Spec? I'm not talking theoretical stuff here. I'm literally talking about what I do for a living. Part of that job is communicating this information in broad terms to other parts of the business. Let me be perfectly clear here: nobody with a business mindset would be pushing for this kind of thing because it's free market research, and keeping your finger on the pulse of public opinion is invaluable for marketing, communication, public relations, and business strategy. if something is not performing well, you want to know immediately so you can determine what - if anything - you need to do for damage control.

You are right in that I'm speaking from the position of someone working with this data, but you're wrong in assuming that the data and the insights we glean from it isn't shared with the rest of the company; sharing that information is the whole damn point.

Didn't know they could. Which only begs the question why disabling dislikes does anything. This can only be for manipulative algorithmic purposes, I'd assume.


I'm not sure how telling dislikes are, though. I mean, consider how many people sit through an entire video's content... just to ultimately dislike it. I've started hundreds of videos and stopped them after a minute or two and they weren't even worth my time to officially dislike them. It takes a second to dislike a video. It also takes a second to like a video, but a like is more telling since it means someone ostensibly sat through it and enjoyed it enough to throw their hat in the ring of "yes, I want to see more stuff like that." I'm probably what most would considered a liberal; I could go on YouTube right now and click on as many conservative videos as I can find and dislike them within 5 seconds of the video even playing. Conversely, as a liberal, I could find as many liberal videos that align with my thinking, and I'd probably watch those videos in their entirety to appreciate the echo chamber of my beliefs, and I'd "like" them.
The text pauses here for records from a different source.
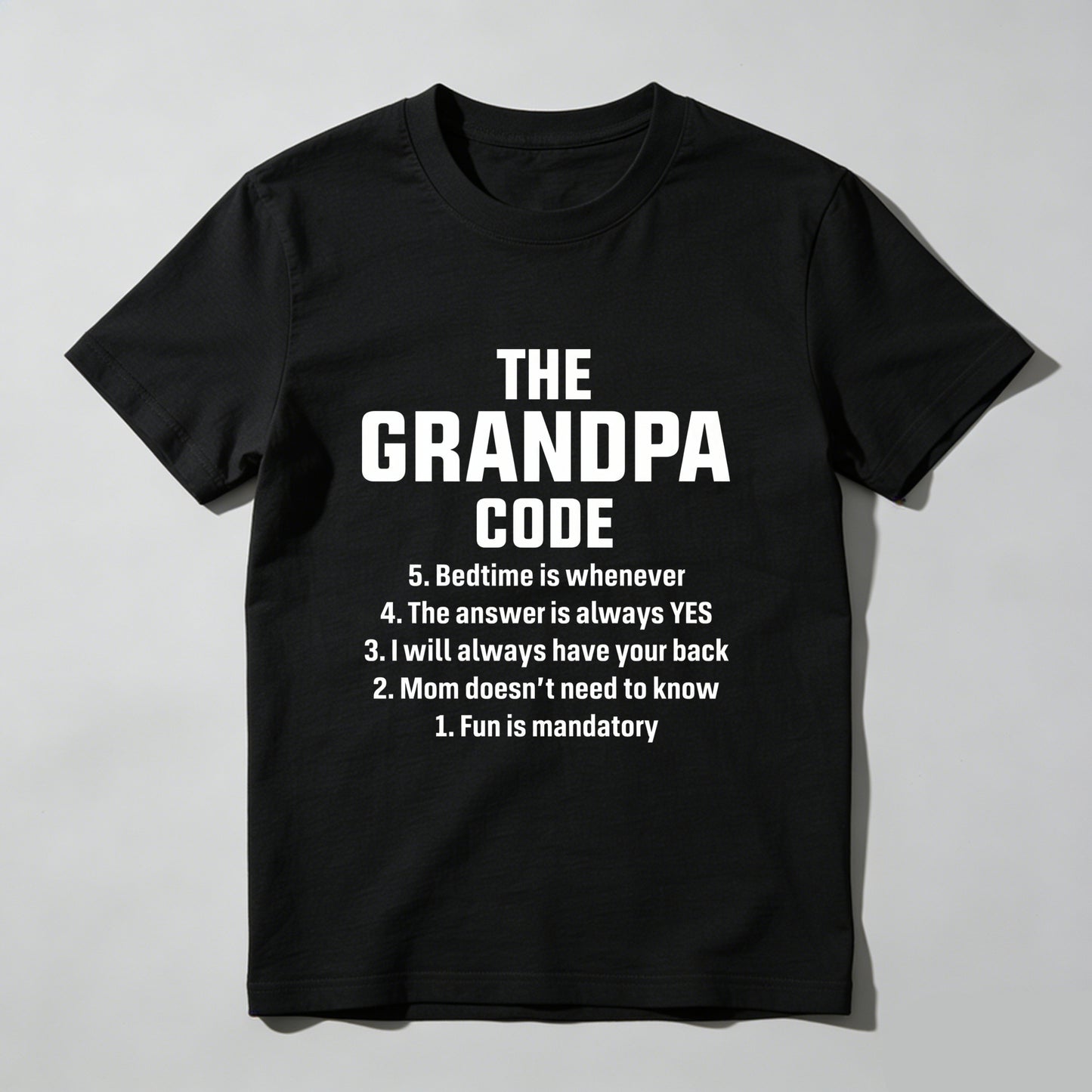 The Grandpa Code Fun Mandatory Yes Always Pure Cotton Short Sleeve T-Shirt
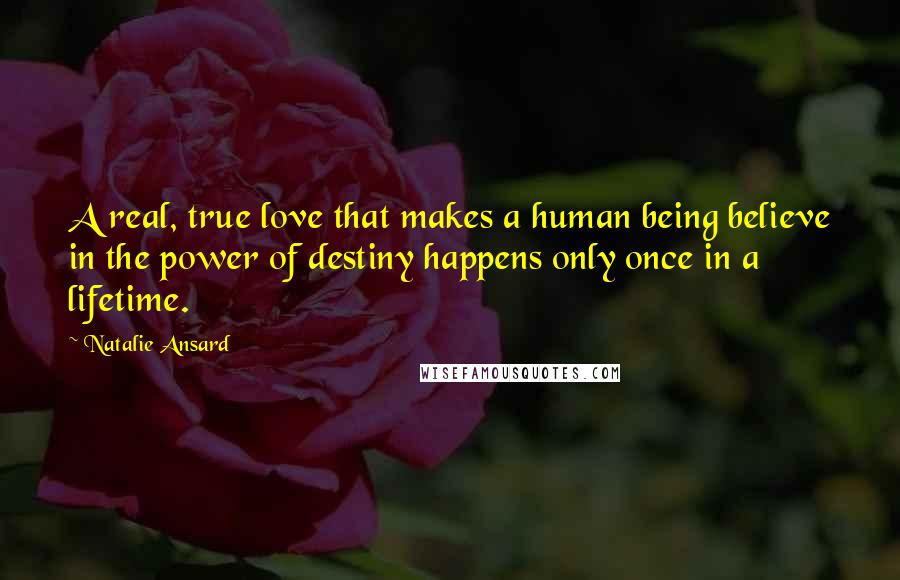 Natalie Ansard Quotes: A real, true love that makes a human being believe in the power of destiny happens only once in a lifetime.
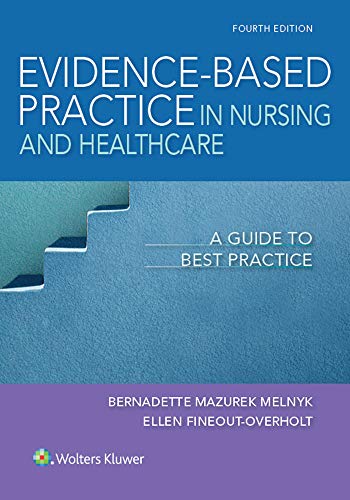 Evidencebased practice in nursing 038 healthcare a guide to best practice 8211 4th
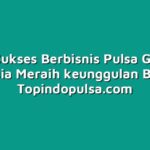 Tips Sukses Berbisnis Pulsa Grosir: Rahasia Meraih keunggulan Besar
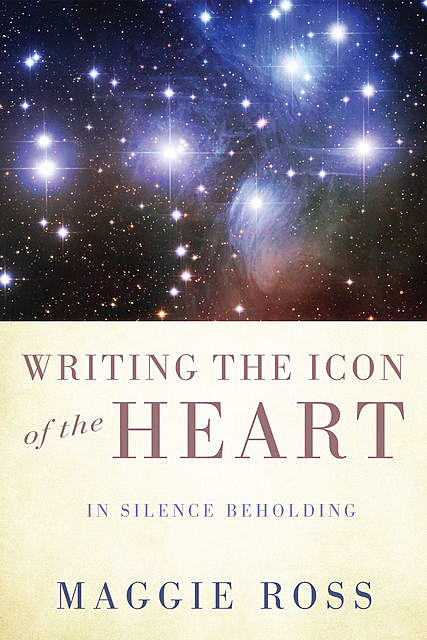 Writing the Icon of the Heart, Maggie Ross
Point being, I think dislikes should be less heavily weighted than likes for the simple fact that they can be easily weaponized.
You could, yes, but as I said, it's "another point of data", not the point of data. Much like most other data points, they're much less useful in isolation and bereft of context. Seeing that some rando disliked the video means very little on its own. Seeing, however, that there was a dislike spike on during the week of <insert week here>, during which time you saw a bunch of first-time viewers with a high bounce rate? That's a good indication that something other than the video was the cause. If your video is 10 minutes long and you see that it has a bunch of dislikes and the average view time is 4:32? That gives you a good starting point to figure out where you lost your audience and that the problem wasn't that you simply bored them.

While it does make it sound more glamorous than it deserves, market research and data analytics can be likened to detective work. A single clue will rarely solve the case, you have to be able to see how all the pieces of the puzzle fit together.

--

Regardless, I did some digging and it turns out that this is a moot point and everyone's barking up the wrong tree. YouTube is not, in fact, removing the dislike button. They are just making it so that the dislike count is not visible to casual viewers. https://blog.youtube/news-and-events/update-to-youtube/

You can still dislike a video, your likes and dislikes will still work to tune your recommendations, and creators still have the same data. It's just that when you pull up, for instance, the Neutral Response video, you will not see whether or not it's lopsided 1000 points in one direction.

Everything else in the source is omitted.